Whatever age we are, we all need our sleep. Why? Well, because staying well rested makes us healthier, happier, kinder, more creative and more productive people. Whereas sleep deprivation can lead to us being irritable and lethargic in the short-term, while in the long-term can lead to all manners of physical and mental illnesses. So if you want your children to grow up within the former category, it pays to teach them better sleep habits at an early stage.
Here’s a few ways in which you can encourage healthy sleep habits in your child:
Create a cosy atmosphere
It’s all about the detail. By making your child’s bedroom a ‘sleep sanctuary’, they’ll be more likely to retreat into it when the time comes. Decorate it with muted, relaxing colours, a soft bed cover and a few cuddly toys and their bedroom will be somewhere they welcome returning to! Keep the lighting soft in the evenings with a bedside lamp. (Actually, this goes for the rest of the house too; the gentler the lighting, the better!) Finally, remember to tuck any non-cuddly toys of our view… so your little one won’t be tempted to crawl out of bed and play!

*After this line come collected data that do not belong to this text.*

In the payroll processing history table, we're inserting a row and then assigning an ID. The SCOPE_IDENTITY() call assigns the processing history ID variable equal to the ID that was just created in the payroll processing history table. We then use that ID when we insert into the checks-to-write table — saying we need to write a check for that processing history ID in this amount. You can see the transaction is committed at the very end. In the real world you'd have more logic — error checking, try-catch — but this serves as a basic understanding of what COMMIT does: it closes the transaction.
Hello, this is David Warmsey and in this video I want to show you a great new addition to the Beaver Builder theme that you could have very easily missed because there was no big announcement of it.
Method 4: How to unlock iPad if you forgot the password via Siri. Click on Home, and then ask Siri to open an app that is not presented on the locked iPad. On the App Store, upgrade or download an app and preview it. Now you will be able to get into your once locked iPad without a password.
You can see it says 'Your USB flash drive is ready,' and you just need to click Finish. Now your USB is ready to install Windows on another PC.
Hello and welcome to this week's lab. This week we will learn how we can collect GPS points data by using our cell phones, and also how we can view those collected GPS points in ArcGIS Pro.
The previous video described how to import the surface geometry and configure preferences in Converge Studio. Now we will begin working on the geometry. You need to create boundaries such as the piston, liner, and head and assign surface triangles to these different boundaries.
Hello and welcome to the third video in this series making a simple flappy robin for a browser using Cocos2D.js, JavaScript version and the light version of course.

When they grow up, your kids might ditch the cuddly toys… or maybe they won’t! But still they’ll remember to keep their bedroom as a relaxing, soothing environment; not to be used as an office, a gym or an entertainment centre, but a place to sleep soundly every night.
Get them into a routine
If you’ve managed to get your kids brushing their teeth before bed, well, that’s the hardest part over! But still, there are more elements involved in an evening routine that you can employ to a) alert your kids to the fact that bedtime is approaching and b) help them settle down.
Start by setting a clear bedtime, and stick to it. If they go to bed 15 minutes later than usual one night, well they’ll be very indignant if they can’t get away with it the next night! Consistency is key; so don’t budge from your bedtime if you can.

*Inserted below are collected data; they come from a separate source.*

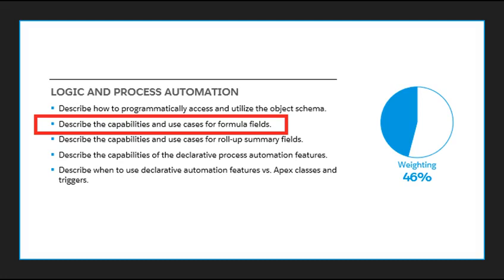Hey guys, welcome back to Salesforce in Under 5. It's been a while, I'm sorry, but here we are, and we're back. Today we're going to be describing the capabilities and use cases for formula fields.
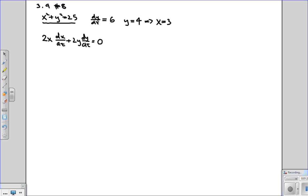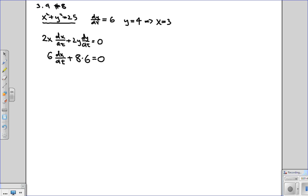Now you just plug in everything that you know. So x we know is 3, so 2x is 6. 6 dx/dt plus y is 4, so that's 2y is 8. dy/dt is 6. And this is equal to 0. This of course then implies that dx/dt must equal negative 8.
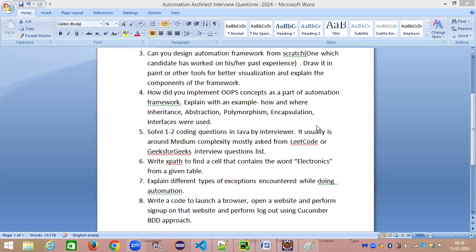Hey everyone, good morning. This is Srinivasan here. Welcome back to my channel — Selenium Automation and Java Learning with Srini. In this session we are going to look at the fourth interview question: how do you implement OOPs concepts as a part of your automation framework? If you're new to this channel, please consider subscribing. Feel free to write a comment if you'd like me to cover any particular topic.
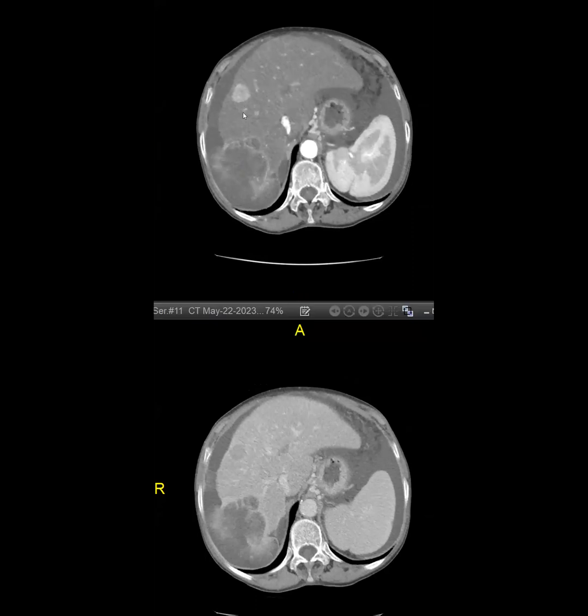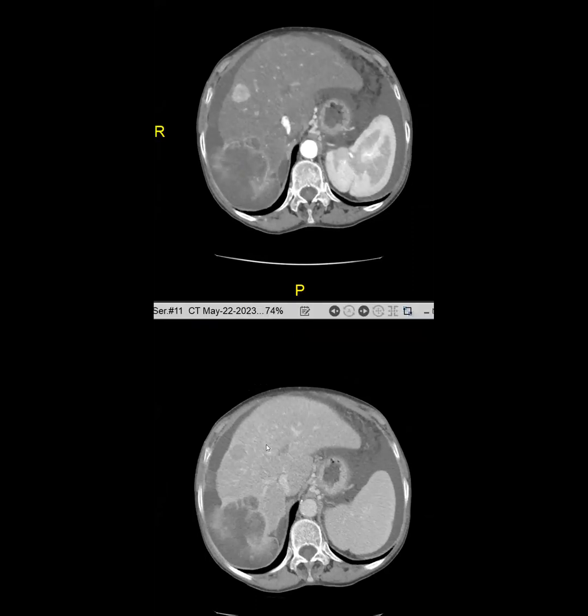So the interesting situation is what to do with the two additional lesions which look like LR-5? They're distinctly different from the big one. Should we call them LR-5 HCCs? Should we biopsy them to confirm?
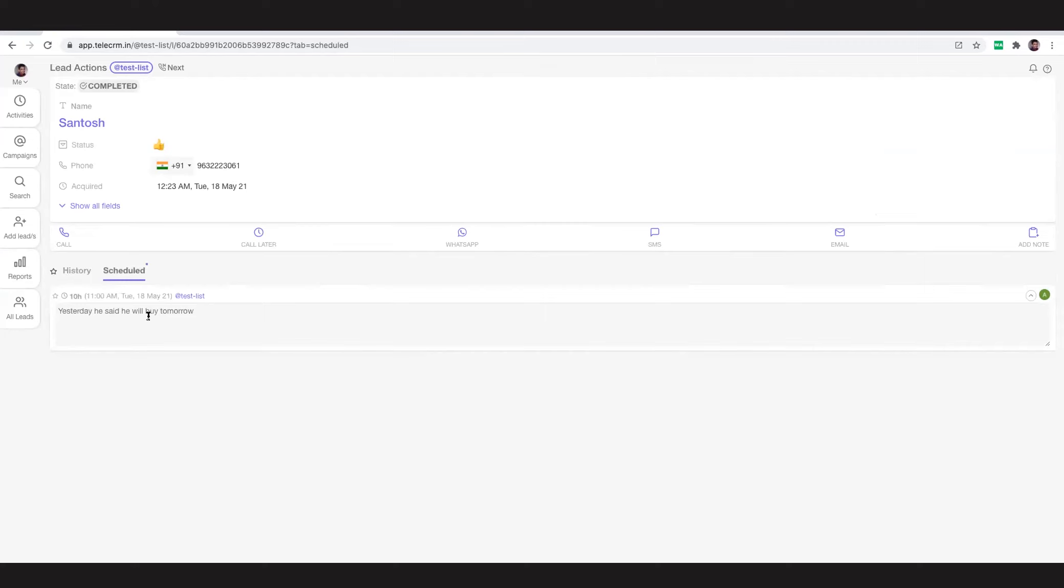If I want to take over and start calling this person, I can click call, or I can schedule the callback for myself. I can send WhatsApp, whatever interactions I want to do, and if I want to add my feedback as an admin, I can add that as well.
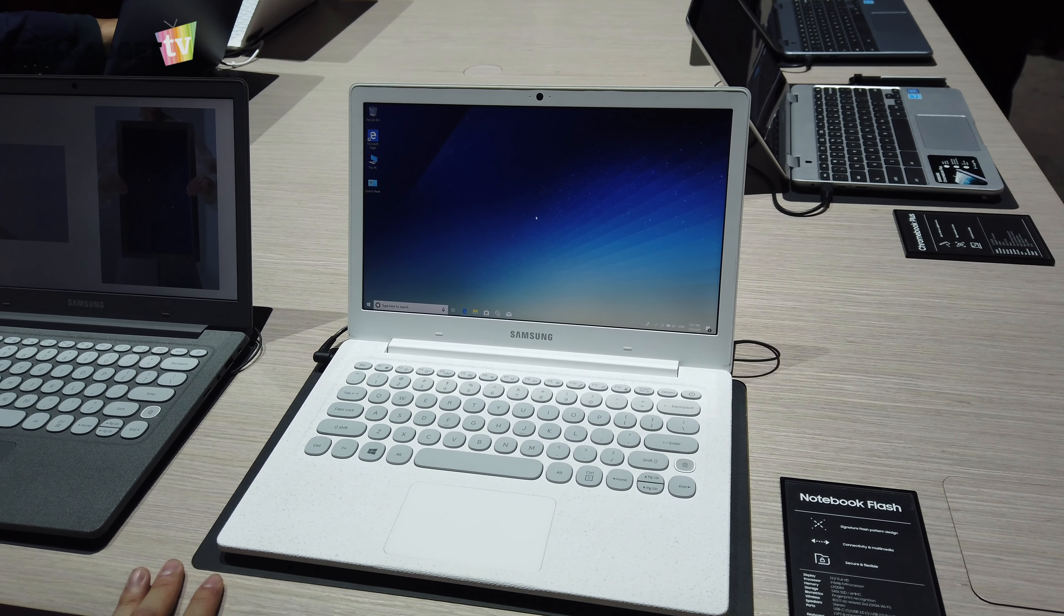Hopefully with this kind of notebook being pretty attractive, I hope Samsung will bring notebooks back to Malaysia. That's it for now. Subscribe to our channel for more CES content coming right out and I will see you in the next one.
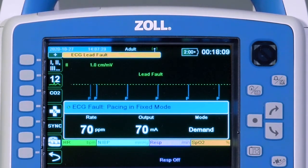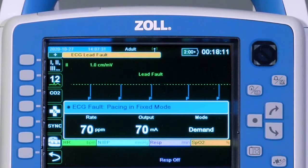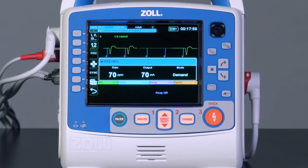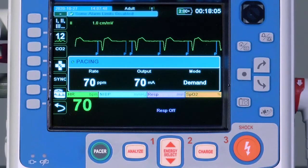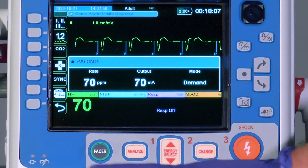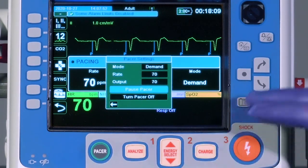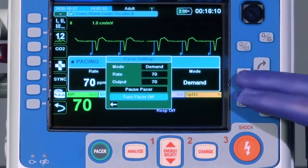Every attempt should be made to replace the removed electrodes as soon as possible. When reattached, the X-series Advanced will return to demand pacing. To discontinue pacing, select the Pacer button and select Turn Pacer Off.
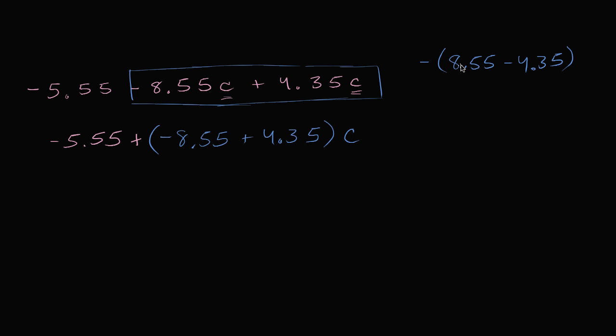And 8.55 minus 4.35, let's see, 8 minus 4 is 4. 55 hundredths minus 35 hundredths is 20 hundredths. So I could write 4.20, which is really just the same thing as 4.2.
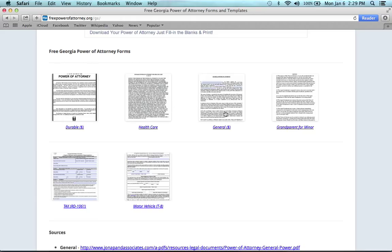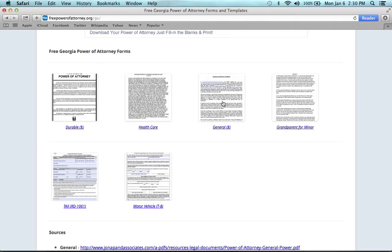The general power of attorney form is just like the durable, where it allows you to choose someone else to handle all your financial decisions on your behalf, except if you become incapacitated or suffer from dementia, like we stated before, this form becomes void.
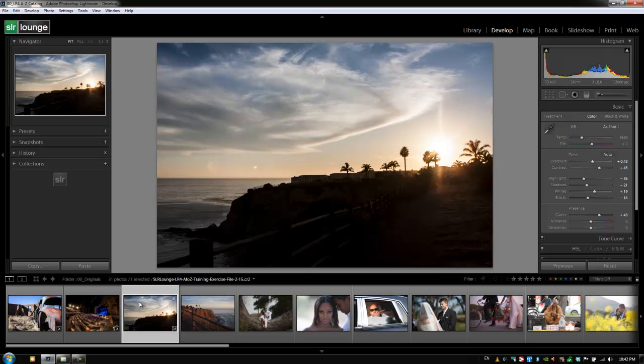So when you're in that kind of situation, copying these settings from image to image will allow you to batch process those images very quickly because all of the settings that you apply to one image that was shot in that scene will work for another image that was shot in that exact same scene as well, and you might only need to make minor tweaks to that image to get it just right.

Around an hour before this bedtime, bring your child upstairs, give them a bath and change them into their pjs. I used to let my little girl come back downstairs at this point and watch TV with us for half an hour; but then I noticed that she’d become more alert again and harder to settle (more on that soon). Now, after the pjs part, I read her a bedtime story with some relaxing music in the background. Or her Daddy loves telling stories, too!
The thing to remember is, use this hour to help your little ones wind down before bedtime every night. Then when they go into that cosy bedroom environment, they’ll already be on the path to a sounder sleep.

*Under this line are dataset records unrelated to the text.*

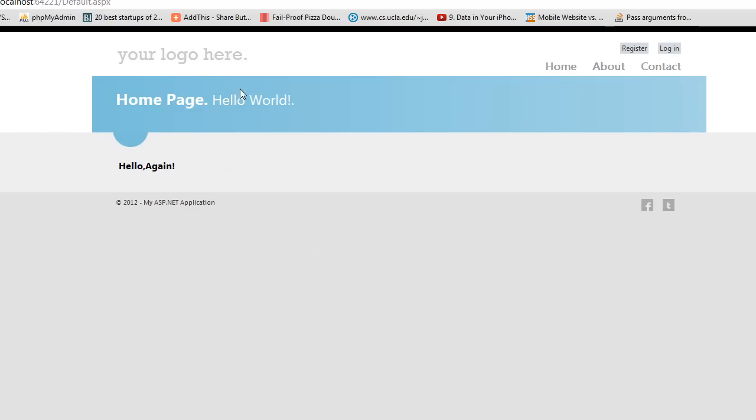And we can see the changes we made updated. So now we have our obligatory Hello World application, ASP.net, and perhaps in follow-up videos, I'll show you how to integrate in your database.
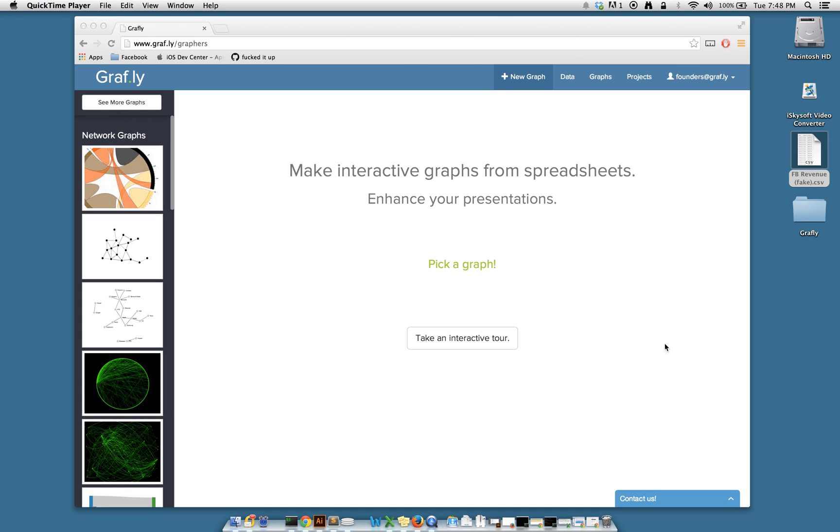Welcome to Graphly. Graphly is a web application for making interactive graphs from Excel spreadsheets. You can then embed these interactive graphs into PowerPoint, where the graph is still interactive, or into a website.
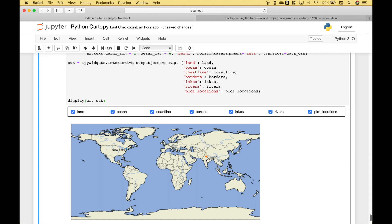So that's all we have for our introduction to CartoPy. We will be doing many more Python tutorials in the near future — join us for those and we'll see you next time. Thank you.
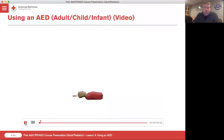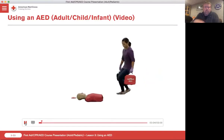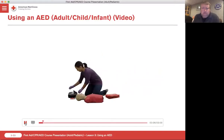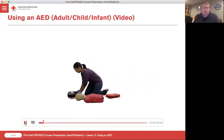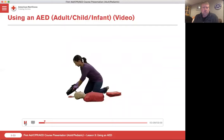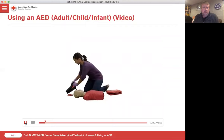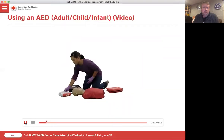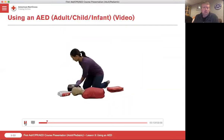When a person is in cardiac arrest, use of an AED can help restore a normal heartbeat. If you are the only trained responder on the scene, turn on the AED as soon as it is available.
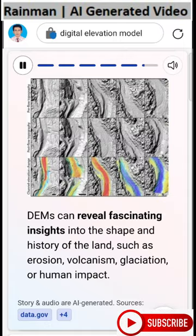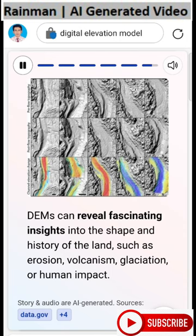DEMs can reveal fascinating insights into the shape and history of the land, such as erosion, volcanism, glaciation, or human impact.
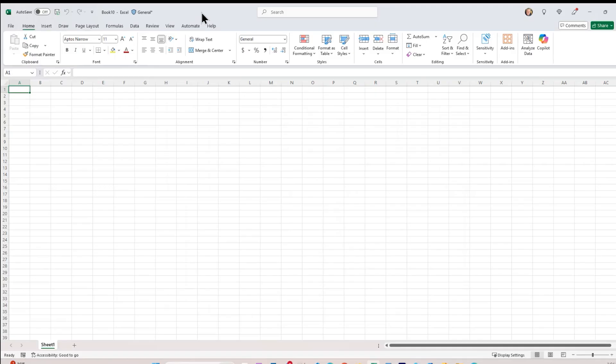Hi, this is David. In this video, I'm going to show you how to automate Microsoft Excel using Visual Basic for Applications, often abbreviated as VBA.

This sleep habit is particularly useful as your kids grow up. Long into adulthood, they’ll know the importance of establishing an evening routine, and will sleep better as a result. For more tips and tricks around this routine, or anything sleep-related, have a look at the The Sleep Advisor’s site.
Keep the screens off before bed
This is a very important habit to instil in your children early on; in fact, it’s one you may need to adopt yourself! Because our TVs, laptops, tablets and smartphone emit what’s known as blue light. This light keeps our minds alert and overstimulated; hence my trouble in getting my daughter to bed after watching TV with us. The screens of these devices actually block melatonin production in the body, too – on which we normally rely to keep us calm and relaxed.
So to help your child get to sleep sooner, turn off those screens an hour before bedtime. Set an example for them to follow and this is a very healthy sleep habit they can bring into adulthood.
With these 3 tricks – creating a calming bedroom environment, setting an evening routine and switching off devices early – your child can start to enjoy a deeper, undisturbed sleep. And they can remember these habits once they’re all grown up and responsible for setting their own bedtimes; thanks to the example you’ve set.